-- Supplied data --
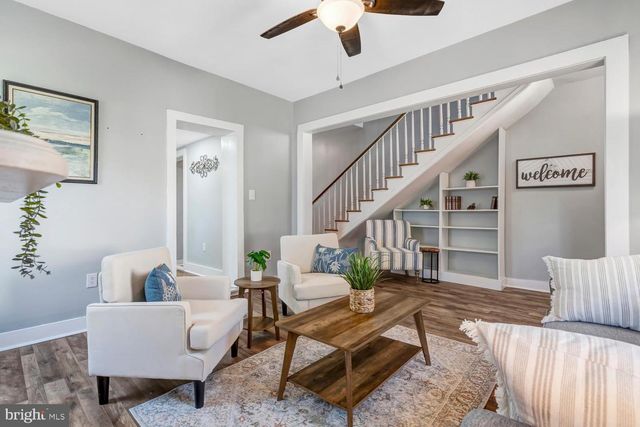 203 LEE ST, Front Royal, VA 22630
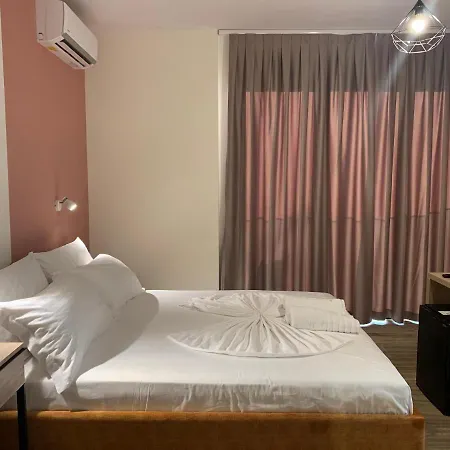 Hotell Triumf Shëngjin
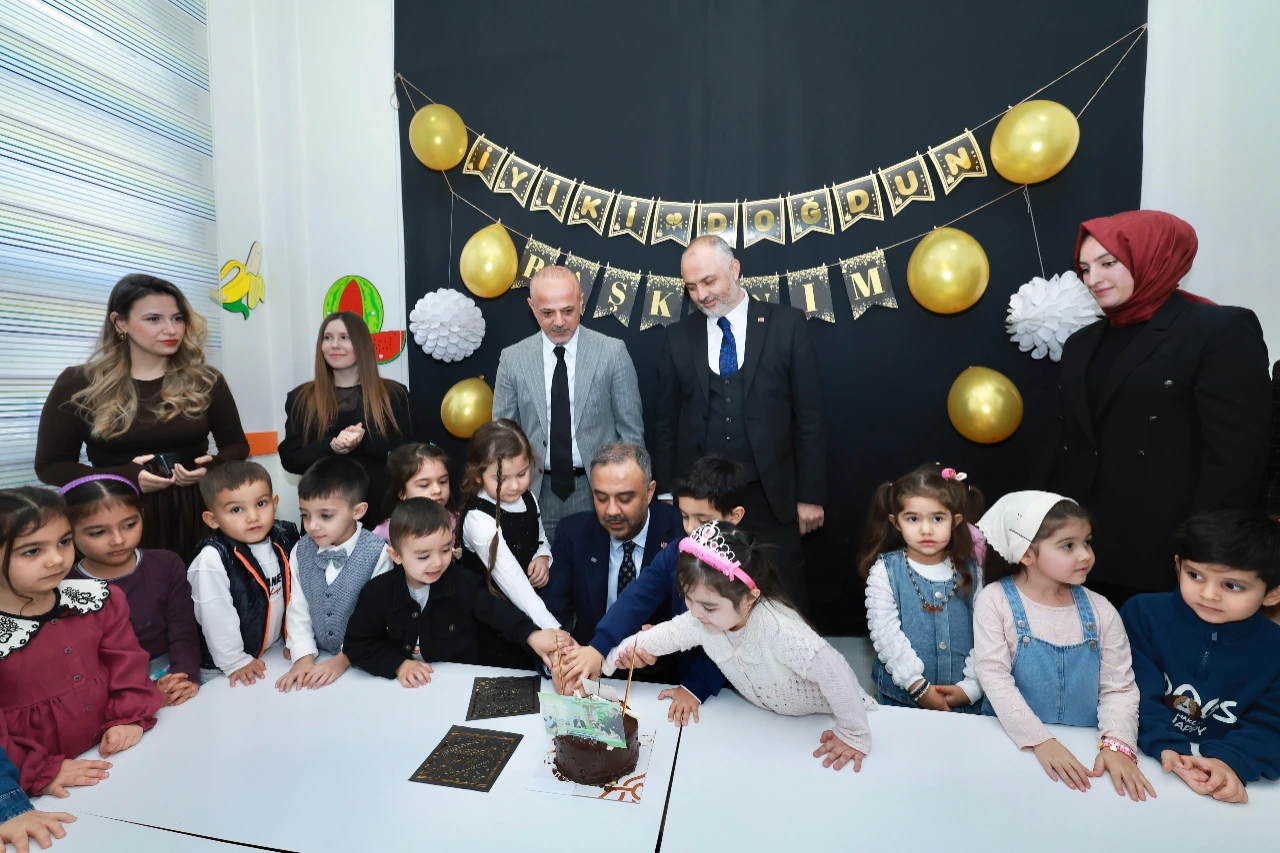Başkan Toptaş’a Karne Gününde Miniklerden Doğum Günü Sürprizi! (2)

-- Task brief --
Without any of its pictures, the listing is to be repeated exactly as it stands.

-- Completed task --
 203 LEE ST, Front Royal, VA 22630
 Hotell Triumf Shëngjin
Başkan Toptaş’a Karne Gününde Miniklerden Doğum Günü Sürprizi! (2)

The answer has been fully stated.